[RECORDED DATA Boundary: Start]
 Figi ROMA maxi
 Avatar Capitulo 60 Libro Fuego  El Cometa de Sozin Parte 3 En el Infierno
[RECORDED DATA Boundary: End]
[RECORDED DATA Boundary: Start]
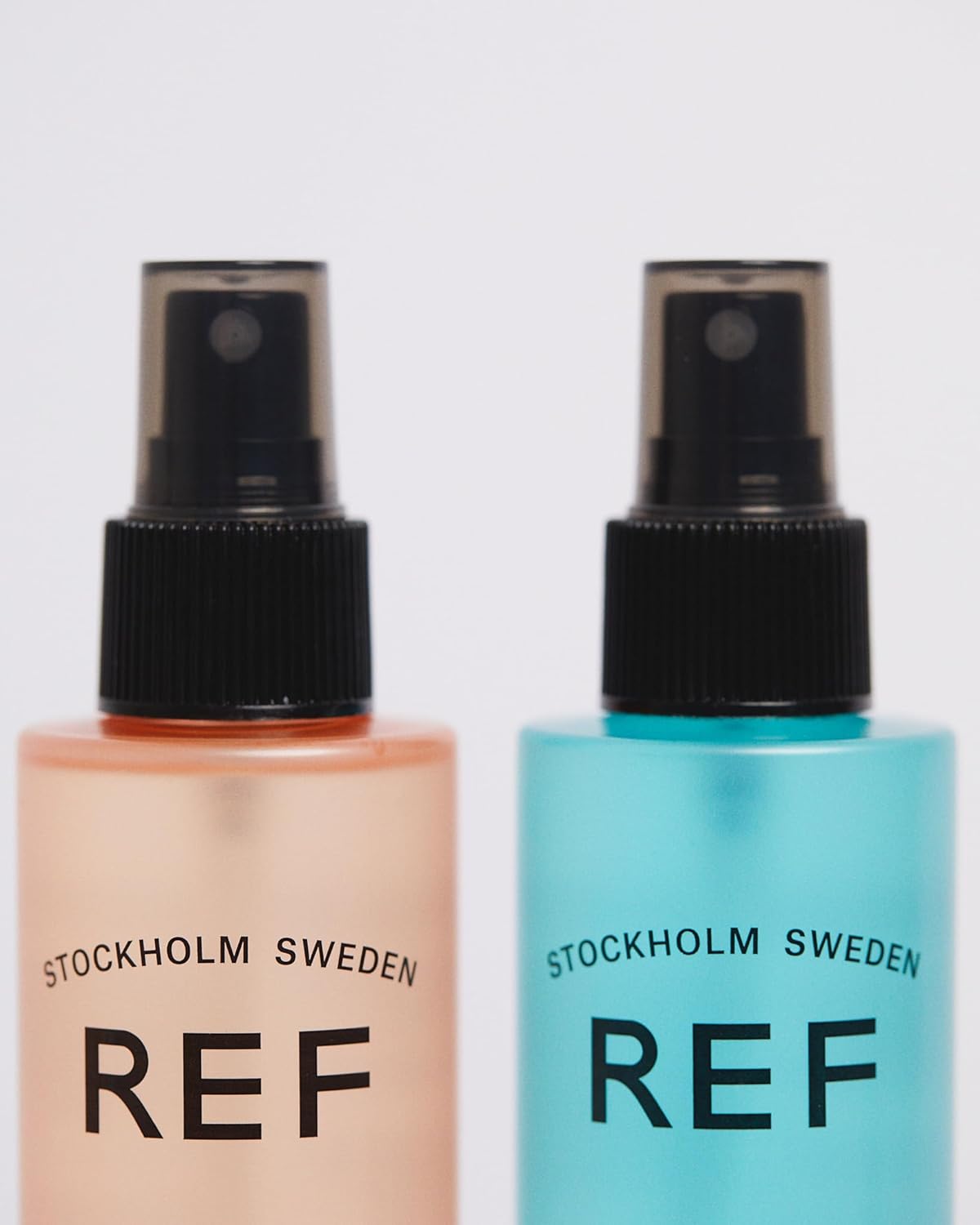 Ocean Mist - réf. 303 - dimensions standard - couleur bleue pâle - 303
[RECORDED DATA Boundary: End]
◆ **WORK TO COMPLETE**: The response should hold exactly the lines starting at the line with "Figi ROMA maxi" and ending at the line with "Avatar Capitulo 60", and no other line of the material above.

◆ **SOLUTION**:
 Figi ROMA maxi
 Avatar Capitulo 60 Libro Fuego  El Cometa de Sozin Parte 3 En el Infierno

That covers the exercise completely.